How to complete this task => Check each line of the records below and collect those that include the word "конопля".

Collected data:

▼

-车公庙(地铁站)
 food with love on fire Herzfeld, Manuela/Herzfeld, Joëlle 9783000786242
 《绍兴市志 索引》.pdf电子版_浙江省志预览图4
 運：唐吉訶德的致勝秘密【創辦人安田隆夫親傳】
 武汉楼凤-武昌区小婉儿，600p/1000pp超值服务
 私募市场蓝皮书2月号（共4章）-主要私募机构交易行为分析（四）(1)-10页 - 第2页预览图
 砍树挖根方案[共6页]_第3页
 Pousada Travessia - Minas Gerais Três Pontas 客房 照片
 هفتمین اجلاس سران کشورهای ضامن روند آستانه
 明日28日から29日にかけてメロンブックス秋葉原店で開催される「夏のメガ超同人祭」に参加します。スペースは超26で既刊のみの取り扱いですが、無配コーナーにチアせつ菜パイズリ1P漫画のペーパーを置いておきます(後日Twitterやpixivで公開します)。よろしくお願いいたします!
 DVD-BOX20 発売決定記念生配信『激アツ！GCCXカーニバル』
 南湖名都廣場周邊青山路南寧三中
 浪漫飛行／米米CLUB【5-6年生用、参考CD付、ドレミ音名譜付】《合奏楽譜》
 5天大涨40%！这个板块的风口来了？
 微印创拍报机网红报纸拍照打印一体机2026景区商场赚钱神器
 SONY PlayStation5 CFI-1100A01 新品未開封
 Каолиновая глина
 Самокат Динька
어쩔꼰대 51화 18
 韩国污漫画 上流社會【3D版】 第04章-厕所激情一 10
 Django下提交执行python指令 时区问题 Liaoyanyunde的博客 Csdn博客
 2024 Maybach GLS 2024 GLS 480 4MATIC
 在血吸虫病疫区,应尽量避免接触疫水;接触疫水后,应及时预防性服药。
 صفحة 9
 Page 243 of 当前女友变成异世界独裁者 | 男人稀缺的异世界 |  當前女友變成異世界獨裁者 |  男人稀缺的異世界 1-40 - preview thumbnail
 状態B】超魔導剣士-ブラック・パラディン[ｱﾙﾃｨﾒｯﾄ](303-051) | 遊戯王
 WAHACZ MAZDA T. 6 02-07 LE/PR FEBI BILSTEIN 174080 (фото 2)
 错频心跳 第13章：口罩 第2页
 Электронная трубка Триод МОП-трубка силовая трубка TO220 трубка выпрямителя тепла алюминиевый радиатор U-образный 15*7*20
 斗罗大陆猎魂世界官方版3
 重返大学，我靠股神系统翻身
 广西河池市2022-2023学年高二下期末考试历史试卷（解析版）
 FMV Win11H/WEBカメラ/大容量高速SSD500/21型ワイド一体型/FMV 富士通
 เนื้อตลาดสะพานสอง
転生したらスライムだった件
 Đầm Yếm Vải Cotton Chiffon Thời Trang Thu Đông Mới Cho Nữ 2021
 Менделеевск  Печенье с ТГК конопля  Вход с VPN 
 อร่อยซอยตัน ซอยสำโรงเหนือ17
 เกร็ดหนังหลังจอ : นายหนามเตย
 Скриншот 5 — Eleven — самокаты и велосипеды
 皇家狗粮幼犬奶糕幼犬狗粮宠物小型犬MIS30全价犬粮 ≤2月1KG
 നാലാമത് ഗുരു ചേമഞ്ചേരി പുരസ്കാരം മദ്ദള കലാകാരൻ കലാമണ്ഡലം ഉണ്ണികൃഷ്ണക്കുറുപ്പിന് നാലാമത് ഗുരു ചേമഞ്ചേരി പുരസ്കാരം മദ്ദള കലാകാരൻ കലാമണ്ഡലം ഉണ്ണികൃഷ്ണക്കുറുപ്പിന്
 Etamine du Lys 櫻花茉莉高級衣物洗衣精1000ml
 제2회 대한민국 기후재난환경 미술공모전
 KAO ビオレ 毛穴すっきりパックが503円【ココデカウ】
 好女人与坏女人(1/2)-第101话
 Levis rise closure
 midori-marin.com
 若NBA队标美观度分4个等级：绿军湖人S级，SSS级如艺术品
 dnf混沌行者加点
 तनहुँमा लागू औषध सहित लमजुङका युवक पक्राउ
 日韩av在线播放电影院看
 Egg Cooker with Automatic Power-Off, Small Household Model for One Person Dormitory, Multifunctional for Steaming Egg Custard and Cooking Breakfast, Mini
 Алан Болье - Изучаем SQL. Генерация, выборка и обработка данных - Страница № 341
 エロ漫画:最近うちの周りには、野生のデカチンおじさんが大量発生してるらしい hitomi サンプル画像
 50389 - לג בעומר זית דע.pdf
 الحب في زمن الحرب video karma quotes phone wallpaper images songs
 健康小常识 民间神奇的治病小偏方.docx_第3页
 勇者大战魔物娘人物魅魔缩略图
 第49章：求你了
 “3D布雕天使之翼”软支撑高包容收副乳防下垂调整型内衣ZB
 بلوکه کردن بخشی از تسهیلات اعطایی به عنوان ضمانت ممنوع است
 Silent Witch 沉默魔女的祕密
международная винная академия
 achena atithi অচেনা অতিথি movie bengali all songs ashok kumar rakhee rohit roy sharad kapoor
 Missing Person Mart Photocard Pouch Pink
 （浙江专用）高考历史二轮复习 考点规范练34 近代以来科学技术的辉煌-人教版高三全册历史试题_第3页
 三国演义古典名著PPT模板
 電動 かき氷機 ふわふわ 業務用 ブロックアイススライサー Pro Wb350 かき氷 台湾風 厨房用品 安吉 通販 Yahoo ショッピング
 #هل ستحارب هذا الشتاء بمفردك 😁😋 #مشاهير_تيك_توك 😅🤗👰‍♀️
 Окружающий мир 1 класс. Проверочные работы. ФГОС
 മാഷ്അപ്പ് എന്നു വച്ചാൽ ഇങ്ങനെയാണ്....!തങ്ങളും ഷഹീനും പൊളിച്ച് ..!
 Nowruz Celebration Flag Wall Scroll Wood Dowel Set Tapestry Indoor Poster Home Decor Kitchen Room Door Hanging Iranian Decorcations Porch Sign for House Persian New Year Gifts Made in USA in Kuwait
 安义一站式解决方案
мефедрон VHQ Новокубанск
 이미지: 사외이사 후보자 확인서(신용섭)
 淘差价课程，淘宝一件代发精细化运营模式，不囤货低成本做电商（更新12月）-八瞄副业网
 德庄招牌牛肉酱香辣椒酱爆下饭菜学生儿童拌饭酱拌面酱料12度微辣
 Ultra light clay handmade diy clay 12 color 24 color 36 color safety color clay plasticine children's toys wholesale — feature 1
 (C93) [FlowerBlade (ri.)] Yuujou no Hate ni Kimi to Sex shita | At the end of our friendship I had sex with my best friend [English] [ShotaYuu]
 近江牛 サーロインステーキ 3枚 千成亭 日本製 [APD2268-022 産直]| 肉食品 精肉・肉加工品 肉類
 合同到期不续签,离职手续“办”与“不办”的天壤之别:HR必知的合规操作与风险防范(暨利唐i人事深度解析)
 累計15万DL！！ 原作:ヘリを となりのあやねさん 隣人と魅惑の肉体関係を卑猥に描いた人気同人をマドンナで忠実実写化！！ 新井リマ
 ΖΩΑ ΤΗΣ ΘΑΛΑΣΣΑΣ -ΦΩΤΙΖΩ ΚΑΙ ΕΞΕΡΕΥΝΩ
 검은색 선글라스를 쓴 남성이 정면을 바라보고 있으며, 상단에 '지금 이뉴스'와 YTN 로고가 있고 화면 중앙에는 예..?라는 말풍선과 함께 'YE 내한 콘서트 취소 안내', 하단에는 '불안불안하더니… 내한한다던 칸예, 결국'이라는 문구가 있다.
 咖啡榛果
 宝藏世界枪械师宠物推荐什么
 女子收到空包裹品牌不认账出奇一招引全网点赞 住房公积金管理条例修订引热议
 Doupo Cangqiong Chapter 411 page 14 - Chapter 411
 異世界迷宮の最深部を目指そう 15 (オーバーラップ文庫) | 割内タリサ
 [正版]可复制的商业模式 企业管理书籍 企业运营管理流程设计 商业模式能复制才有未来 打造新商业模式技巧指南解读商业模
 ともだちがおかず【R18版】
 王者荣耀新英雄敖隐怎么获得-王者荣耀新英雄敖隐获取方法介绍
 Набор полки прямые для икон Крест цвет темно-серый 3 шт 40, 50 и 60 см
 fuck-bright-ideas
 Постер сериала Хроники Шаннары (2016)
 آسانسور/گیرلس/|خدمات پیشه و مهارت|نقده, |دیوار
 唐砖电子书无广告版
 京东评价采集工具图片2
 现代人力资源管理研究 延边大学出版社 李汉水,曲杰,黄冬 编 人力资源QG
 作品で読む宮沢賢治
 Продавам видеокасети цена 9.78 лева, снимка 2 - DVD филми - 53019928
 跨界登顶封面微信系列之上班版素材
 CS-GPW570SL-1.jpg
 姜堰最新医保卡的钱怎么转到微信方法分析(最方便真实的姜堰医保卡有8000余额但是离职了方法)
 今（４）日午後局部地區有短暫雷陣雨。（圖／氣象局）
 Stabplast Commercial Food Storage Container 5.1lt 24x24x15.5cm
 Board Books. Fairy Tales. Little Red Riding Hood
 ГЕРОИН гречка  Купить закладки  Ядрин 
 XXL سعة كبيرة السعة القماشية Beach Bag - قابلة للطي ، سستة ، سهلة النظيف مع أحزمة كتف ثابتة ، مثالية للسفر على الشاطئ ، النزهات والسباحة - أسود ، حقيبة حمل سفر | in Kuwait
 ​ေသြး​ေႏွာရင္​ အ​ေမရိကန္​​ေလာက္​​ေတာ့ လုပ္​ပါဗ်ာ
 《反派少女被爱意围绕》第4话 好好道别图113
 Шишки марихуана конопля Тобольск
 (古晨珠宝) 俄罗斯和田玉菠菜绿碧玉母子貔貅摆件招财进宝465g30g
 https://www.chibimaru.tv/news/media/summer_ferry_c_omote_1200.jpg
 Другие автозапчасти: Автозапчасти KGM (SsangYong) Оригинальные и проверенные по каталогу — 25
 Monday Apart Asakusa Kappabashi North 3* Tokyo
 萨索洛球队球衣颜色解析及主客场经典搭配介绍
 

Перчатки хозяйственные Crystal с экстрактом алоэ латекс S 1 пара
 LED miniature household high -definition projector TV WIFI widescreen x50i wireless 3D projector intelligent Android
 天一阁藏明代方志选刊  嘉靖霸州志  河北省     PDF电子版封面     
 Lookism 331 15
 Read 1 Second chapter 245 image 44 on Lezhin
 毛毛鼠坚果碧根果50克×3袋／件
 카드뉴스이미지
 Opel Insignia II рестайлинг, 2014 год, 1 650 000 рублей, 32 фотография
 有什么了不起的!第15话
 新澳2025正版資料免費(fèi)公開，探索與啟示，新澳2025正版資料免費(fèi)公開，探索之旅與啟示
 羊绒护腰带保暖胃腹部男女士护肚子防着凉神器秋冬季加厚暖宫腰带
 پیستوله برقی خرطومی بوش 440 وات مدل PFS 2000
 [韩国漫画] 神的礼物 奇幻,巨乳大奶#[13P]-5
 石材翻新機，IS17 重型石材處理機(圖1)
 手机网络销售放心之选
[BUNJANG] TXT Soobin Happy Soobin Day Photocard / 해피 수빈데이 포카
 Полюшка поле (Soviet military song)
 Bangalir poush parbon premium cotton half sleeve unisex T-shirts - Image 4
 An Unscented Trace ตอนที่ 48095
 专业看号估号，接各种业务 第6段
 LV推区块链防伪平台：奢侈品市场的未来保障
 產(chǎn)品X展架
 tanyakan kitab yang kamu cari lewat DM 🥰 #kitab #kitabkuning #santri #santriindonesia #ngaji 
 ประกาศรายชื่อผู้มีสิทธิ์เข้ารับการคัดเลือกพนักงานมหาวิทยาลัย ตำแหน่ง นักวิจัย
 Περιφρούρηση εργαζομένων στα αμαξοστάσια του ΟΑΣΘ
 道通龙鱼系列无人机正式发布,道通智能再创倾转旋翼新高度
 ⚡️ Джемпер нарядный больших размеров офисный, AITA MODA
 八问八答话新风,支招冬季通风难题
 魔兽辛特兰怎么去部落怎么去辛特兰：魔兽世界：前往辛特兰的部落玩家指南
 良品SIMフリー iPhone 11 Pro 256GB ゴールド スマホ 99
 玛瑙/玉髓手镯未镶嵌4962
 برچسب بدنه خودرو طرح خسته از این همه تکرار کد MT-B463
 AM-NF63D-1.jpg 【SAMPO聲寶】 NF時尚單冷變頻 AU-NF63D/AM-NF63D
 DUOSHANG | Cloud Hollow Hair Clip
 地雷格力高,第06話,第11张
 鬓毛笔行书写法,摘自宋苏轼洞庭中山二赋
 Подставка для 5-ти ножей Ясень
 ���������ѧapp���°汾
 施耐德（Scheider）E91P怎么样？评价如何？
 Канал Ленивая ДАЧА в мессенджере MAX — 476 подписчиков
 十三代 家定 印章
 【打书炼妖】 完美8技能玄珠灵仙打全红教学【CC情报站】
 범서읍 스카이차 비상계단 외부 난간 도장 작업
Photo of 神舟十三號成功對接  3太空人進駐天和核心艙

▲

Completed task =>
 Менделеевск  Печенье с ТГК конопля  Вход с VPN 
 Шишки марихуана конопля Тобольск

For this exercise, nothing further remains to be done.